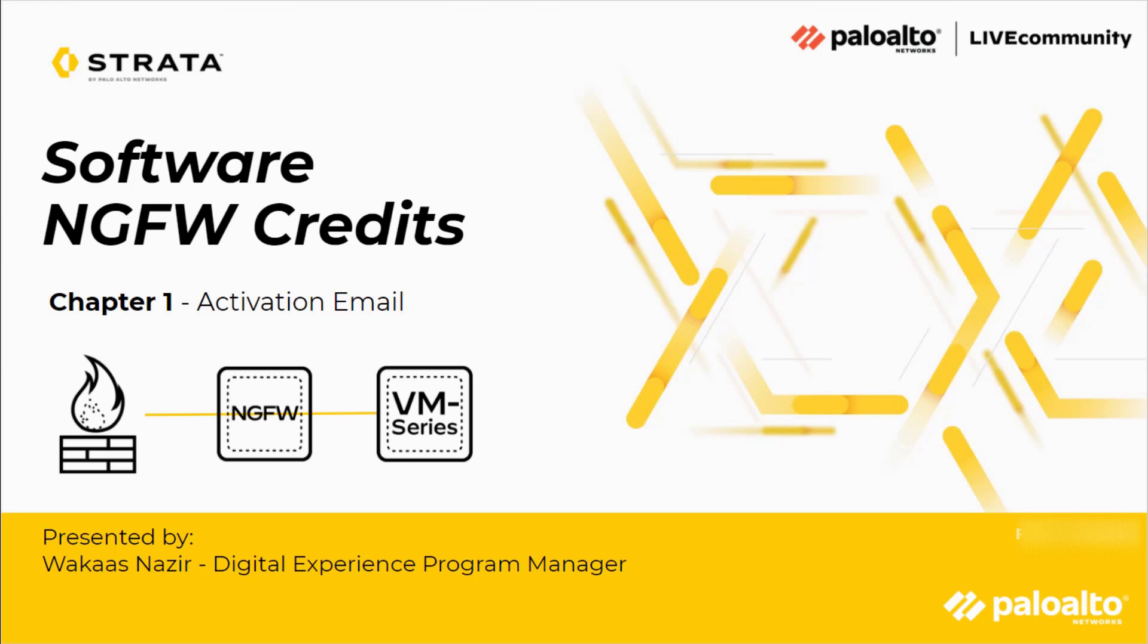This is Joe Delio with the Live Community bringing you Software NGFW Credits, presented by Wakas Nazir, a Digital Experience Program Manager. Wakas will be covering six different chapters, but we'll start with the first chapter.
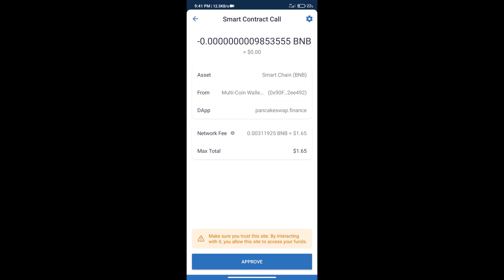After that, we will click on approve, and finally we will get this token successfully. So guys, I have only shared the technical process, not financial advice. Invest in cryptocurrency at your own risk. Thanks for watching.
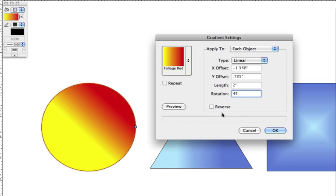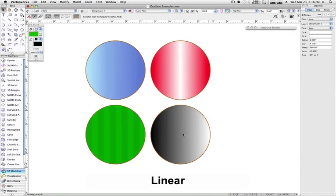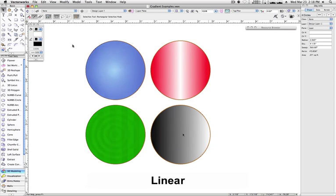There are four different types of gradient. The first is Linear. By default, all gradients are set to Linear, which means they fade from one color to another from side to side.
-------------------------
> [WHAT NEEDS TO BE DONE]:
Omit the pictures, and quote the material above exactly as given.

> [TASK ANSWER]:
This is Joe Delio with the Live Community bringing you Software NGFW Credits, presented by Wakas Nazir, a Digital Experience Program Manager. Wakas will be covering six different chapters, but we'll start with the first chapter.
After that, we will click on approve, and finally we will get this token successfully. So guys, I have only shared the technical process, not financial advice. Invest in cryptocurrency at your own risk. Thanks for watching.
There are four different types of gradient. The first is Linear. By default, all gradients are set to Linear, which means they fade from one color to another from side to side.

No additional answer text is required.